TocaMe09 - on the way to the venue DIKTATUR DER SICHERHEIT|CC BY-SA 2.0|Sven Steinmeyer
Ein Gastkommentar von RA Prof. Dr. Andreas Gran, LL.M.
Die Unmöglichkeit, Gräueltaten in unserer Welt zu verhindern, macht Angst, sie verunsichert uns. Rechtsgeschichtlich wurde deshalb schon oft versucht, Täter vorab zu erkennen, deren Taten zu antizipieren. Nun wollen Politiker abermals demonstrativ „Sicherheitsgesetze“ verabschieden, um uns in Sicherheit zu wiegen, gerade vor der vorgezogenen Wahl, medienwirksam und auf Sorgen basierend. Diese Aktivität reiht sich ein in Chatüberwachung, Gesichtserkennung und dergleichen. Nachvollziehbar sind die Bemühungen insoweit, als nun Verantwortliche beim Staat gesucht werden, der bekanntermaßen einen Fürsorgeauftrag hat. Es muss allerdings unbedingt besonnen im Sinne des Rechtsstaats vorgegangen werden, damit sicherheitspolitischer Aktionismus nicht freiheitliche Bürgerrechte verdrängt, denn „Freiheit stirbt mit Sicherheit“.
Auch nach dem neuen, schrecklichen Anschlag sollten staatliche Eingriffe nicht bedenkenlos ausgeweitet werden. Die ersehnte Sicherheit wird das nicht gewährleisten, sondern ein unbeschwertes öffentliches Leben kaum noch ermöglichen. Täter, die zu solch abscheulichen Taten fähig und skrupellos genug sind, werden sich nicht abschrecken lassen und es gibt leider unzählige Mittel, um weitreichend Gewalt anzuwenden. Wir erleben das anschaulich in den Kriegsregionen. Wo also soll die Grenze gezogen werden?

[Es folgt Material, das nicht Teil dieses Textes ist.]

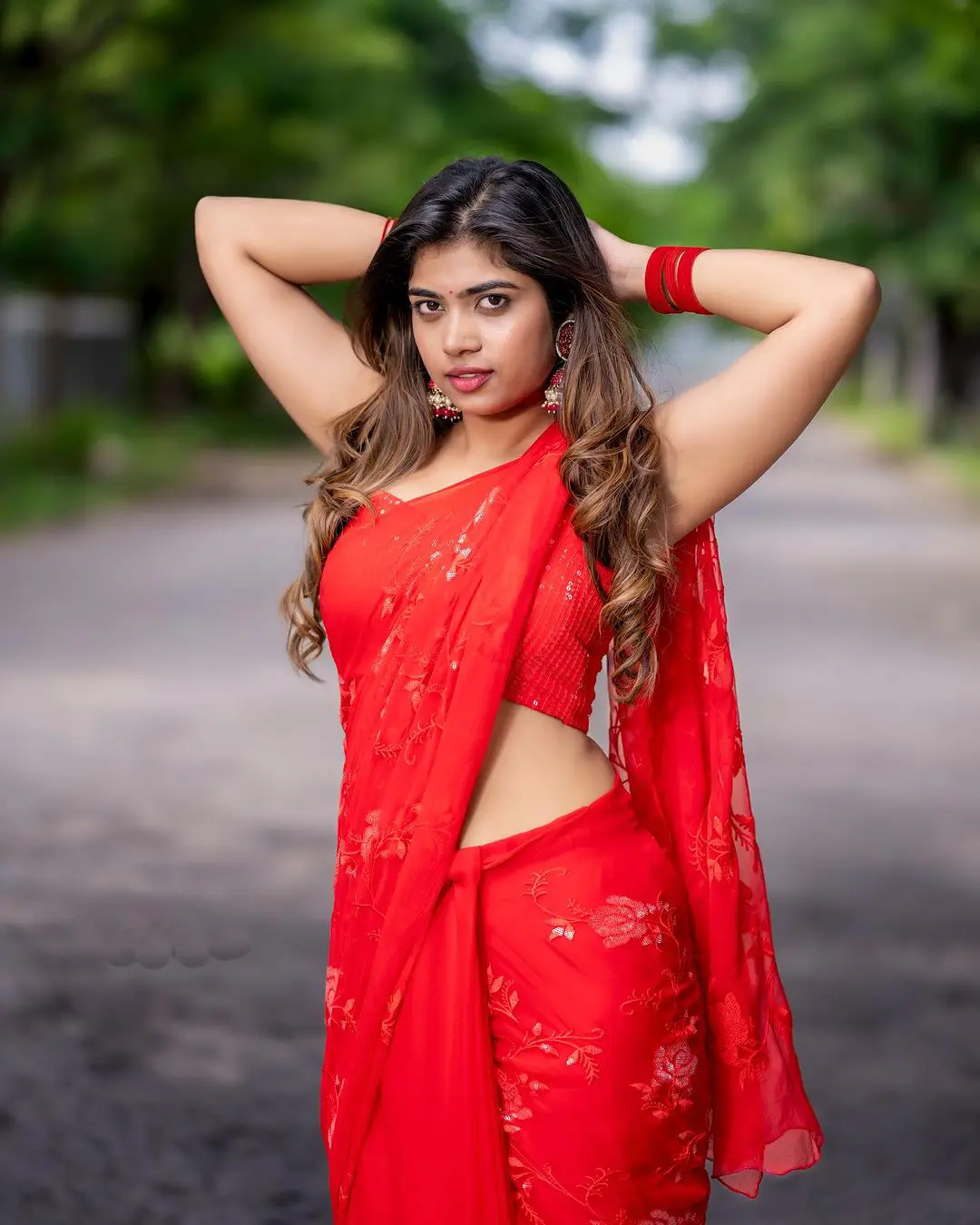 Tollywood actress Rithu Chowdary Photos in Red saree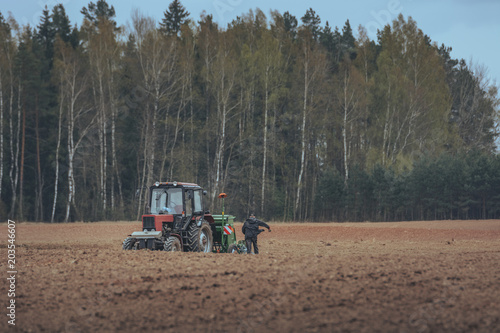 Land being cultivated and prepared for sowing with a tractor. Crispy texture in the soil. Old russian tractor with modern sow machine attached. Wheel, gauges and cabin.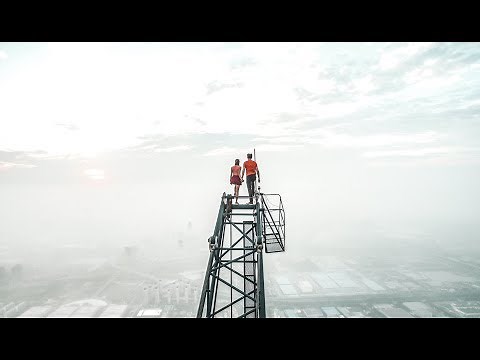Couple climb the highest construction site in the world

Rechtsstaatlich bedenklich ist insbesondere, wenn pauschal „prophylaktische“ Eingriffsrechte ausgeweitet werden. Bei ausreichendem Verdacht ist das längst möglich. Trotz der emotional durchaus nachvollziehbaren öffentlichen Sorge müssen Bürger weiterhin zugleich vor (potentieller) staatlicher Übergriffigkeit geschützt werden. Andernfalls wird das dann entstandene Kontroll- und Verbotsnetz selbst unkontrollierbar.
Führen denn liberale Bedenkenträger etwas im Schilde, wenn sie sich gegen Überwachung wehren? Nein, wer das kritisch sieht, kann schlicht antizipieren, wie systematisch Schritt für Schritt ein Kontrollstaat entstehen kann, der dann schlimmstenfalls mit autokratischen Mitteln jede Opposition verhindert. Wenn jetzt von demokratischen Volksvertretern das Fundament für autoritäre Staatskontrollen geschaffen wird, könnte eine autokratische Regierung die Vorarbeiten nutzen, damit regierungskritisches Handeln unmöglich wird. Sollten eines Tages Autokraten an die Macht kommen, werden sie dankbar sein für die Vorbereitungen und dann leicht politisch Unliebsames verfolgen können, weil die freiheitliche Demokratie aus Verängstigung die Strukturen geschaffen hat.
Hinzu kommt ein Störgefühl, wenn Obrigkeit in private Lebensbereiche eindringt, weil die Basis dafür von der unvorsichtigen Bevölkerung geschaffen wurde, anscheinend mit Bereitschaft, Fremden den Inhalt der Handtasche, des Aktenkoffers oder des Handys zeigen zu müssen. Wir verhalten uns zudem paradox, wenn wir in anderen Ländern mit militärischer Unterstützung gegen Autokratien intervenieren und hierzulande selbst nicht aufpassen. Wer unser Grundsetz schützen will, muss es konsequent respektieren, bei Presse-, Meinungs-, Versammlungsfreiheit und bei der sog. allgemeinen Handlungsfreiheit. Freiheit schützt man nicht, indem man sie abschafft. Autokratische Mittel von demokratischen Parteien sind nicht Schutz vor Autokratie, sondern deren Rechtfertigung.
Fazit
Anstrengungen zur Kriminalitätsbekämpfung sind wichtig und von grundsätzlich guter Absicht getragen, aber doch stets auch kritisch zu betrachten.